Mrs. Beryl is a 57-year-old with chronic hypertension and takes oral propranolol twice daily. Doctors recently found that her liver function tests have declined so immediately reduced the dosage of her medication. Which of the following is the best explanation for why her dosage was altered?
- Propranolol causes cirrhosis of the liver over time
- Absorption of propranolol increases in patients with liver failure
- Liver failure reduces first pass metabolism of propranolol
- Excretion of propranolol decreases in patients with liver failure
- The distribution of propranolol changes in patients with liver failure
- Liver failure reduces first pass metabolism of propranolol
What is depot therapy?
A depot injection is an injection, usually subcutaneous, intradermal, or intramuscular, that deposits a drug in a localized mass, called a depot, from which it is gradually absorbed by surrounding tissue. Such injection allows the active compound to be released in a consistent way over a long period.

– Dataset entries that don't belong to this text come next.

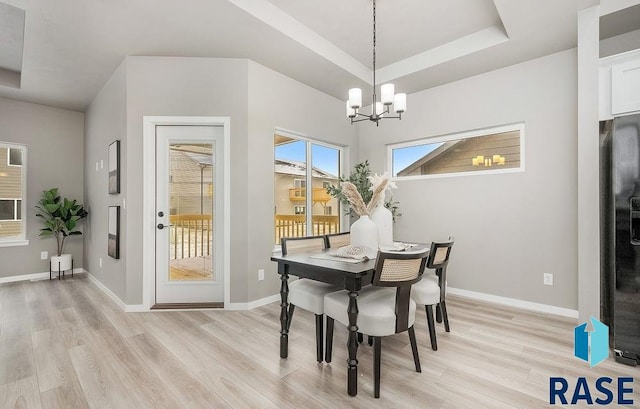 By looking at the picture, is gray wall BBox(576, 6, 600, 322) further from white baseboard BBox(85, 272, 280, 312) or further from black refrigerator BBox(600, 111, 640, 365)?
white baseboard BBox(85, 272, 280, 312)

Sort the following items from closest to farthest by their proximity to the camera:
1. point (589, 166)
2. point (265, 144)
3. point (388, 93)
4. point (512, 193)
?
point (388, 93)
point (589, 166)
point (512, 193)
point (265, 144)

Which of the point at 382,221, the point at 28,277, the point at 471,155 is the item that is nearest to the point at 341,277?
the point at 382,221

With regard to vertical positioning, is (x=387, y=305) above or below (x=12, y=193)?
below

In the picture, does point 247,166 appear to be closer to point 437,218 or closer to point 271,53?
point 271,53

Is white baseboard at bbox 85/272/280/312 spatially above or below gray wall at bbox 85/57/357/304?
below

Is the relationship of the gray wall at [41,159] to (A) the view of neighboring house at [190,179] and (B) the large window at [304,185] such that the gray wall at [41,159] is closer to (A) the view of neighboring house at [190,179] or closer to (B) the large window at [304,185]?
(A) the view of neighboring house at [190,179]

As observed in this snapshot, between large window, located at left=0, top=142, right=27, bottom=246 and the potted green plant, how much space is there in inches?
9.8

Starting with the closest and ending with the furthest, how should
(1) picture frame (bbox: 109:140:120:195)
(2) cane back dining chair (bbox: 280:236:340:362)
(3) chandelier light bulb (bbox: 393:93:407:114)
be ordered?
(2) cane back dining chair (bbox: 280:236:340:362) → (3) chandelier light bulb (bbox: 393:93:407:114) → (1) picture frame (bbox: 109:140:120:195)

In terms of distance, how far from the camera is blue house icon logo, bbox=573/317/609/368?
2.22 m

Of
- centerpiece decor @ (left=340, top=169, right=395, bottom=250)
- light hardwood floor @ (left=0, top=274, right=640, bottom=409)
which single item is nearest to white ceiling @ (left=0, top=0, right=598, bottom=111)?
centerpiece decor @ (left=340, top=169, right=395, bottom=250)

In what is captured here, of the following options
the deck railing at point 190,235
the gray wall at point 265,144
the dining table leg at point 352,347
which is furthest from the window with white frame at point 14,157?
the dining table leg at point 352,347

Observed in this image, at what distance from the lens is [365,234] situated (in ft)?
7.75

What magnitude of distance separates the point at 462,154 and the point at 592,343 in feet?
7.62

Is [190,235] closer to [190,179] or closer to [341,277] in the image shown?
[190,179] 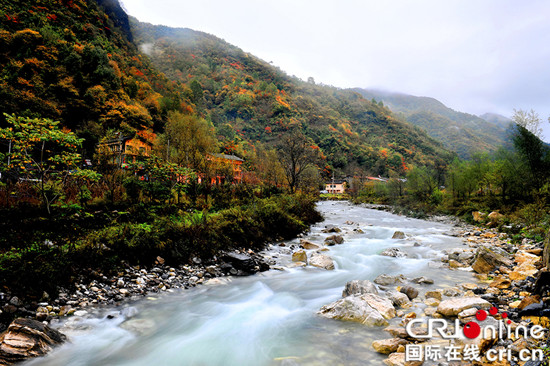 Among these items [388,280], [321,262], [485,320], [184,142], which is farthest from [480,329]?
[184,142]

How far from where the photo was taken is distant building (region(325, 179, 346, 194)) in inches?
3397

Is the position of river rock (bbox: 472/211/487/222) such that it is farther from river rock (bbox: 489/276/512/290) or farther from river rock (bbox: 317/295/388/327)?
river rock (bbox: 317/295/388/327)

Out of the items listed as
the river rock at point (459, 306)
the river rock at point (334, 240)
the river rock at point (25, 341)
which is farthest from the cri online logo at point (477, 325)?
the river rock at point (334, 240)

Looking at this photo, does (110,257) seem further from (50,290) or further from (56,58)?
(56,58)

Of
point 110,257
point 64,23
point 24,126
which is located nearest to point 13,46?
point 64,23

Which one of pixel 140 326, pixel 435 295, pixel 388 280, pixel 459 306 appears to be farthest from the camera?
pixel 388 280

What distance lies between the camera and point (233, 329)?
5879mm

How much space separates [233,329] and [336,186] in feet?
282

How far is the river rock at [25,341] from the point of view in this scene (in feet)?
12.5

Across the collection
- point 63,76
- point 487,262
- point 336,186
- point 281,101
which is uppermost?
point 281,101

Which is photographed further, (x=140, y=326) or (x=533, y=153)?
(x=533, y=153)

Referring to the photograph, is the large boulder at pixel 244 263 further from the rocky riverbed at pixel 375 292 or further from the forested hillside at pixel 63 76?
the forested hillside at pixel 63 76

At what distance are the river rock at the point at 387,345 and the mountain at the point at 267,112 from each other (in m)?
57.2

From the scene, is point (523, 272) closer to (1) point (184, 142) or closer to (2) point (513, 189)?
(2) point (513, 189) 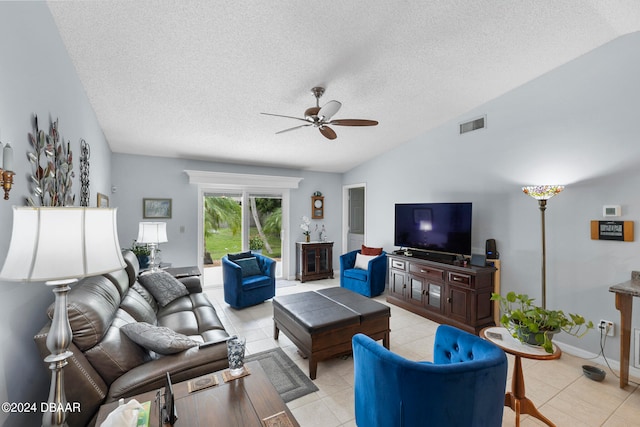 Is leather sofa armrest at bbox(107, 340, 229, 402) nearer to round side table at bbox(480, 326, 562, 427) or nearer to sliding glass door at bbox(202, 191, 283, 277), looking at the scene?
round side table at bbox(480, 326, 562, 427)

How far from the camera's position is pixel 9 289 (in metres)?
1.25

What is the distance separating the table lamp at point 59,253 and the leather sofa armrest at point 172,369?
1.42ft

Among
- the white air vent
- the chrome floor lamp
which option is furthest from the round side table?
the white air vent

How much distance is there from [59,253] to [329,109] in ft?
7.22

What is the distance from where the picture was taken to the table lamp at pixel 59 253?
875 mm

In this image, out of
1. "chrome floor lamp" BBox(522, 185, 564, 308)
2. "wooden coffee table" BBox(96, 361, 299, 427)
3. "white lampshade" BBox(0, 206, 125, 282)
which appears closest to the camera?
"white lampshade" BBox(0, 206, 125, 282)

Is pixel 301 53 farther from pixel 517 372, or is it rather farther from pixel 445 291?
pixel 445 291

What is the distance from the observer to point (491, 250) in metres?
3.59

Could the selective uptake of drugs into the lymphatic
system be used to any therapeutic advantage and, if so,
how could this be achieved?
The lymphatic route is able to avoid first-pass metabolism, thus acting as a bypass route for compounds with lower bioavailability, ie, those undergoing more hepatic metabolism.
The lymphatic route also provides an option for the delivery of therapeutic molecules, such as drugs to treat cancer and human immunodeficiency virus, which can travel through the lymphatic system.
How would it be achieved?
To what therapeutic advantage could enterohepatic cycling be put?
Increasing drug persistence and duration of action
Lower doses of drugs can be therapeutically effective because elimination is reduced by the ‘recycling’ of the drug.
N.B. For a small number of drugs that are very toxic to the intestine (e.g. irinotecan), these molecules which would not otherwise be very toxic can become so because of this process, and therefore inhibition of this step can be protective.